Looks like that plan might backfire on you...


shootermcgavin said:


> very hard to police and not worth the time and money to get it done.


They found you, so it can't be that hard to police.  Who's time and money?  Your's or their's?  I'm pretty sure "they" have more of both...

Talk to a lawyer, of course, but changing 'realtor' may be the cheaper/easier option...


----------



## 480sparky (Dec 13, 2011)

Jell-O.
Sheetrock.
Kleenex.
Escalator.
Zipper.
Yo-yo.
Kerosene.
Sharpie.
Aspirin.
Butterscotch.
Ski-Doo.
Thermos.
Cellophane.
Q-tip.
Velcro.
Crock pot.
Frisbee.
Linoleum.
Super glue.
Lexan.
Videotape.
Windbreaker.
Touch-Tone.
Kool-aid.
Zodiac.
Dry ice.
Romex.
Dumpster.
Adrenalin.
Realtor.
Jacuzzi.
Matchbox.
Post-it.
Windex.
Popsicle.
Band-aid.



Registered trademarks all.


----------



## 480sparky (Dec 13, 2011)

Trever1t said:


> and common words can be trademarked. Well words like Hawg or anything motorcycle related and having any variation of Hog....don't know why but it's copyrighted by HD.



Hmmm.


----------



## shootermcgavin (Dec 13, 2011)

Yeah I'm not worried and I'm not wasting money on a lawyer, they can do that.  This particular company doesn't even own the main name of their website.  It'd be like if Apple sued me for having usedappleipads.com and their website was applecomputers.com.  I sell the used equipment on the market and have the site for advertising.  They actually sued my uncles company and he just gave in and gave them the site, but he's making millions and is a target for money if they sue me I fold up shop and start working for the man again and will probably make more.  It's my second cease and assist letter of the year from an attorney, the joys of owning a business.  I just learned not to worry they usually just are trying to be bullies on the playground.  I have a feeling it's hard to police and they're going to spend thousands of dollars to get rid of something that really isn't effecting them.  The trademark is also the last name of the founder of the company which that alone seems odd...  I should trademark John and then basically own all the John's in the world.


----------



## 480sparky (Dec 13, 2011)

Most likely, there's a lawsuit going on somewhere concerning the term Realtor.  The owners of the trademark are most likely sending out letters like this just so the can use them to support their case.  "Look, Your Honor!  See?  We are taking an active step in protecting the trademark.  We even sent some guy in Florida a C&D letter!"

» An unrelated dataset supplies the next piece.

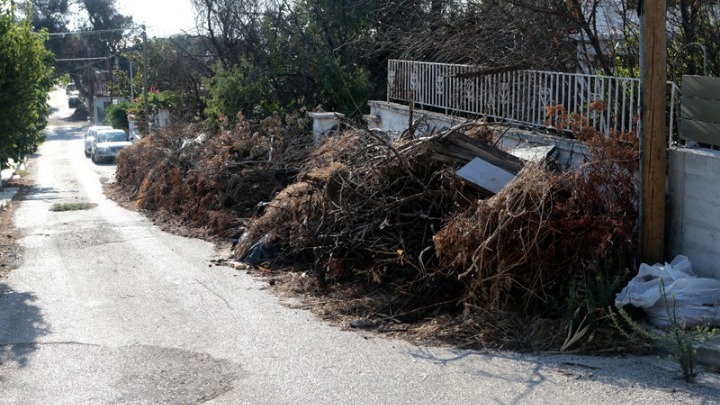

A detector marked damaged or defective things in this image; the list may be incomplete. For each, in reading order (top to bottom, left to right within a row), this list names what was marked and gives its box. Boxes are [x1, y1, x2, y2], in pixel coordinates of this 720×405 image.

cracked asphalt [0, 89, 716, 404]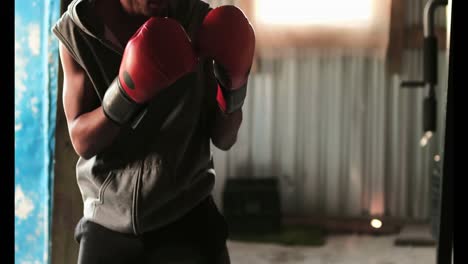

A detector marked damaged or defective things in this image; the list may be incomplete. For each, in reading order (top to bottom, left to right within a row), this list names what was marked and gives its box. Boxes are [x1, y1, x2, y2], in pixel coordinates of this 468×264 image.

As one who haunts electrical forums as well, the subject comes up there too.  Mainly, use of the term Romex, which is owned by Southwire.  They routinely send out C&D letters, or demands that Romex be accompanied by the ® symbol.


----------



## Trever1t (Dec 14, 2011)

480sparky said:


> Trever1t said:
> 
> 
> > and common words can be trademarked. Well words like Hawg or anything motorcycle related and having any variation of Hog....don't know why but it's copyrighted by HD.
> ...



If in a motorcycle context. A local shop here in San Jose was shut down after years of battle with HD. It was named the Hawg Farm and was a parts salvage company. Lame.


----------